Probiotic potential of β‑galactosidase‑producing lactic acid bacteria from fermented milk and their molecular characterization

Abstract

Probiotics have attained significant interest in recent years as a result of their gut microbiome modulation and gastrointestinal health benefits. Numerous fermented foods contain lactic acid bacteria (LAB) which are considered as GRAS and probiotic bacteria. The present study aimed to investigate indigenous LAB from homemade fermented milk samples collected in remote areas of Karnataka (India), in order to isolate the most potent and well-adapted to local environmental conditions bacteria, which were then evaluated using a step-by-step approach focused on the evaluation of probiotic traits and β-galactosidase-producing ability. LAB were screened using 5-bromo-4-chloro-3-indole-D-galactopyranoside (X-Gal) and O-nitrophenyl-β-D-galactopyranoside (ONPG) as substrate, and exhibited β-galactosidase activity ranging from 728.25 to 1,203.32 Miller units. The most promising isolates were selected for 16S rRNA gene sequence analysis and identified as Lactiplantibacillus plantarum, Limosilactobacillus fermentum, Lactiplantibacillus pentosus and Lactiplantibacillus sp. Furthermore, these isolates were evaluated by in vitro, viz., survival in gastrointestinal tract, antibiotic susceptibility, antimicrobial activity, cell surface characteristics, and haemolytic activity. All eight isolates demonstrated strong adherence and prevented pathogen penetration into HT-29 cells, indicating potential of the bacteria to scale up industrial level production of milk products for lactose intolerants.
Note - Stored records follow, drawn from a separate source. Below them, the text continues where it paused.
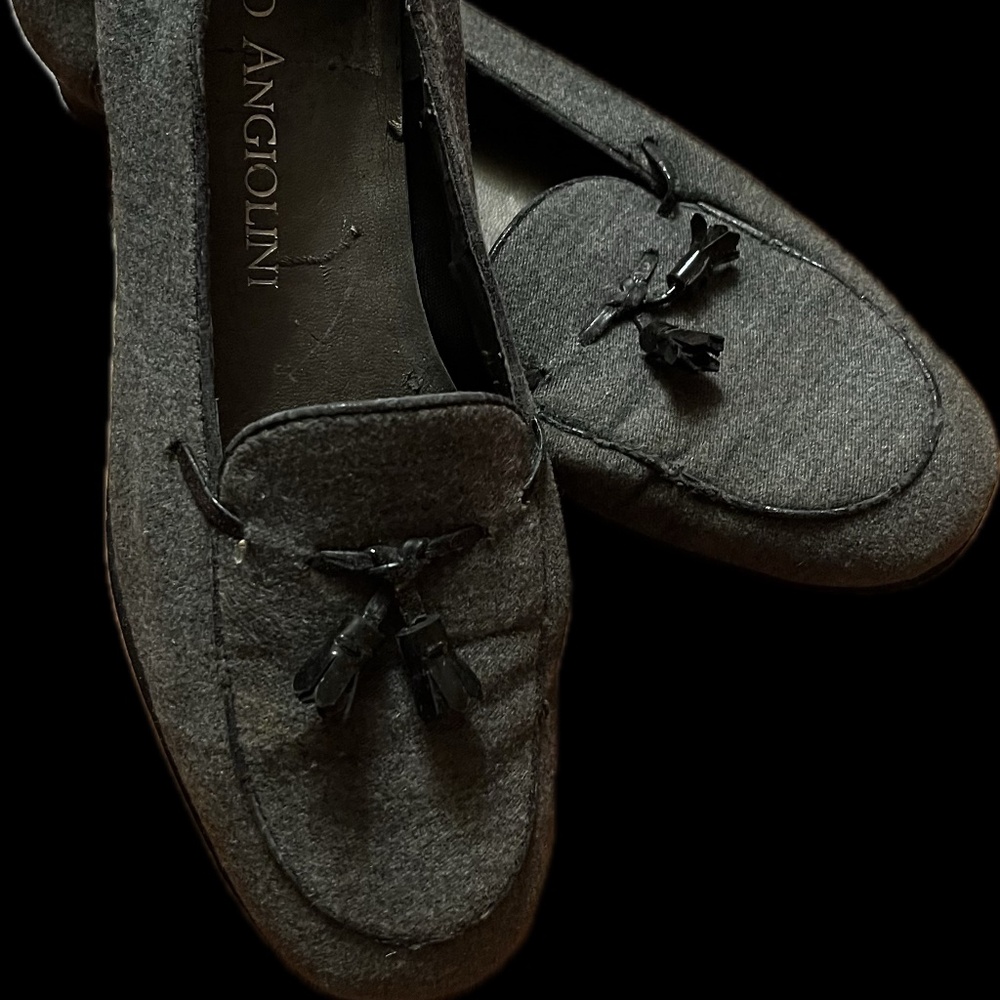Charcoal Dark Gray Slip on Loafers Ladles Shoes Enzo Angiolini Flats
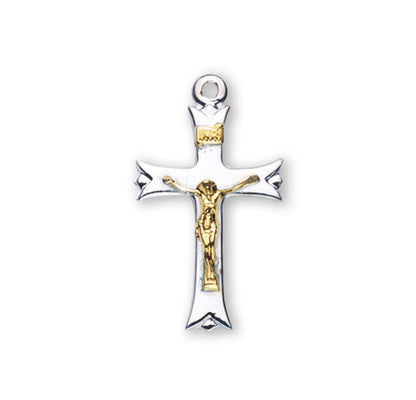 Two Toned Notched Flare Tipped Crucifix Necklace - Sterling Silver Pendant On 24" Stainless Steel Chain (S3807TT18)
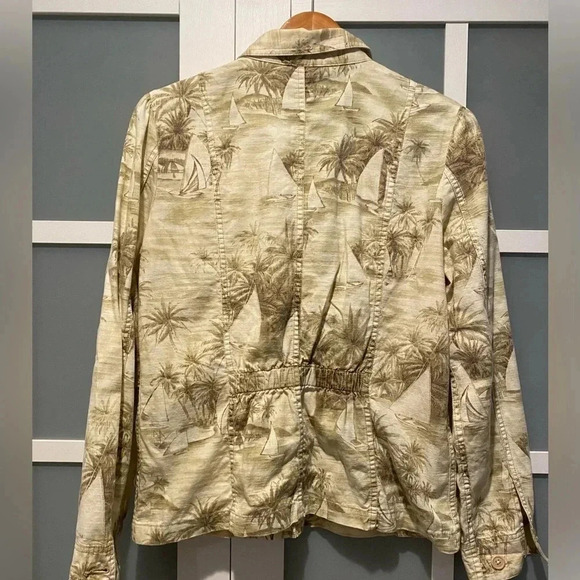 Liz Claiborne Tropical Palm Tree Print Cotton Button up Jacket Women’s Med EUC - Picture 5 of 6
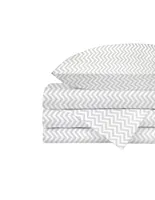 Juego de sábanas de 3 piezas para cama cuna 95 x 140 cm Nap Chevron gris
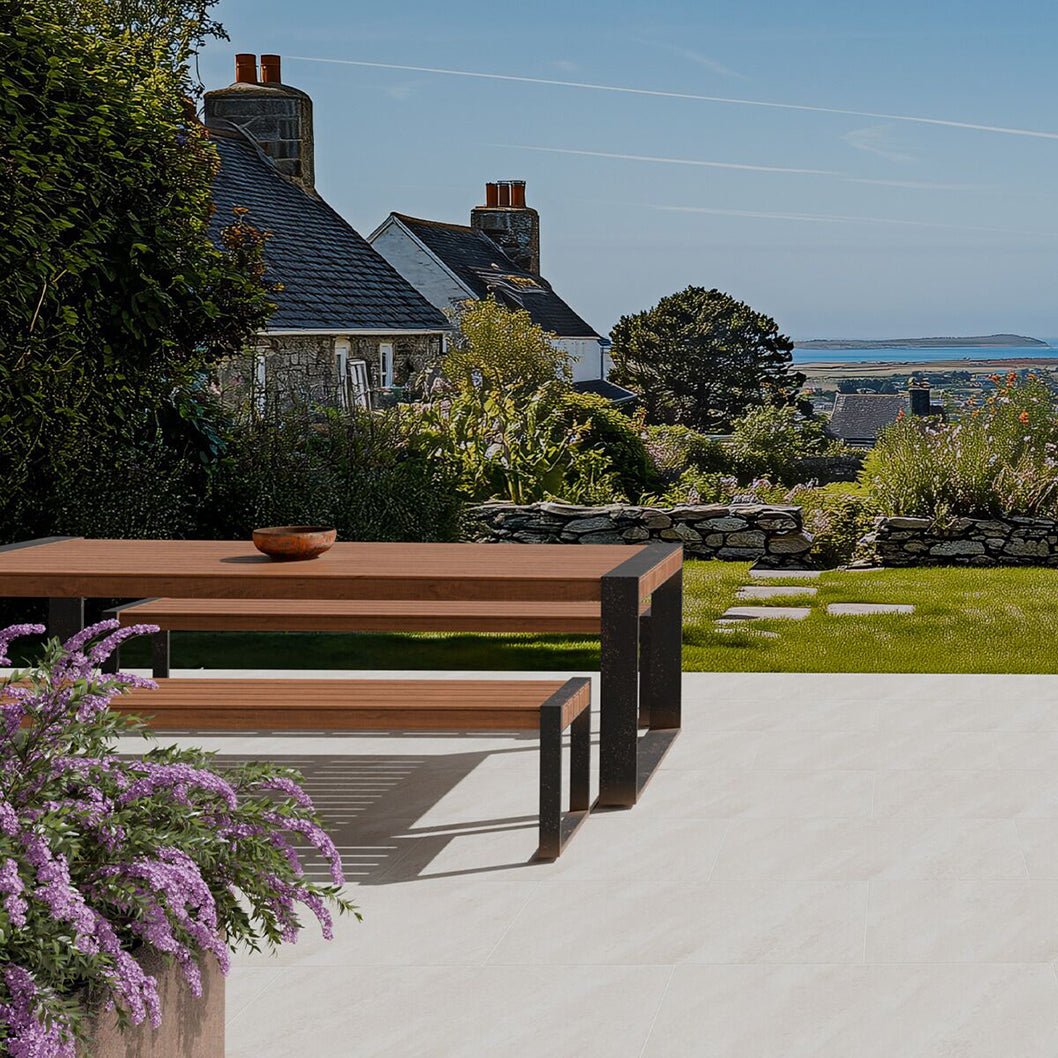 Pavestone Sabbia Cliffrock White Porcelain Paving - 900 x 600mm - JJ Building Materials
Keywords: GenBank; HT-29 cells; LAB; ONPG; X-Gal; lactose intolerance; probiotic; β-galactosidase.

Figure 1

(A) Bacterial colonies (deep grey colour) were identified on a de Man, Rogosa and Sharpe agar plate containing 5-bromo-4-chloro-3-indole-D-galactopyranoside, for β-galactosidase production. (B) β-Galactosidase production and bar graph represents β-galactosidase activity of Lactiplantibacillus isolates in Miller units. Bar graph was plotted incorporating the sample mean (n=3) and error bar (standard deviation of individual isolate).

Figure 2

Carbohydrate fermentation profile of Lactiplantibacillus isolates.

Figure 3

Phylogenetic neighbor-joining tree based on the 16S rDNA sequences (~1,300-1,500 bp) of the eight selected lactic acid bacteria strains of curd samples based on the results of alignment. The scale bar represents 0.10 nucleotide substitutes per position.

Figure 4

Gastric, bile, and pancreatic juice tolerance tests of Lactiplantibacillus isolates, expressed as percentages [the bar graph was plotted incorporating the sample mean (n=3) and error bar of individual isolates].

Figure 5

(A) Hydrophobicity of Lactiplantibacillus isolates with xylene and chloroform. (B) Auto-aggregation expressed as a percentage after each hour of incubation. (C) Co-aggregation expressed as a percentage after 5 h of incubation with E. coli and L. monocytogenes. (D) HT-29 cell adhesion of Lactiplantibacillus isolates expressed as a percentage after 3 h of incubation. E. coli, Escherichia coli; L. monocytogenes, Listeria monocytogenes.

Figure 6

(Aa) Control HT-29 cell line monolayer and (Ab) arrow showing adhered Gram-positive Lactiplantibacillus isolate to HT-29 cells (magnification, x1,000). (B) HT-29 cell invasion of human pathogens E. coli and L. monocytogenes expressed as a percentage after 3 h of incubation with Lactiplantibacillus spp. E. coli, Escherichia coli; L. monocytogenes, Listeria monocytogenes.